It would be easy to describe what's happening as a banking problem. The reality is that banks have money they lend to companies that fuel the economy which creates the jobs. And when banks don't have money to lend because of bad investments and the money supply gets tight then companies collapse, economies suffer and jobs are cut. Put another way – we all pay the price for the bankers' mistakes which is why they are being bailed out by governments. More and more the financial markets are being warned changes are coming. Governments insist that the days of big bonuses, risky investments and companies banking big profits then pleading for help are over.

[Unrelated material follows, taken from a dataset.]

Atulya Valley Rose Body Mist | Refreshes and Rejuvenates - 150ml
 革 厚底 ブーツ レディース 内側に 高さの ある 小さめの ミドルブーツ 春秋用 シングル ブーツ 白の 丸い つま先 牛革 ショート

It's hard to make the financial crisis a people story because there's no one-size-fits-all answer about how it affects each of us – only that it will. And there's no doubt that this will pass, it's just that no-one can tell us when.
Thursday 2 October
The governments behind the main European economies are already planning to host a meeting this weekend to discuss a rescue act for troubled banks. But before they even get round that table conflict and argument are evident. The French want a fund of around £230 billion pounds but the Germans are not up for issuing blank cheques to banks 'regardless of whether they behave in a responsible manner or not'. Gordon Brown is under pressure from British banks because the Irish decided to guarantee deposits for the next two years, so apparently call centres in the Republic have been inundated with calls from the UK with people looking to switch their accounts across the water. The French say the figure for the fund wasn't theirs and it came from the Dutch, who say they have no idea what the French are talking about. I don't exactly feel bathed in the comfort that everyone knows what the heck they're doing.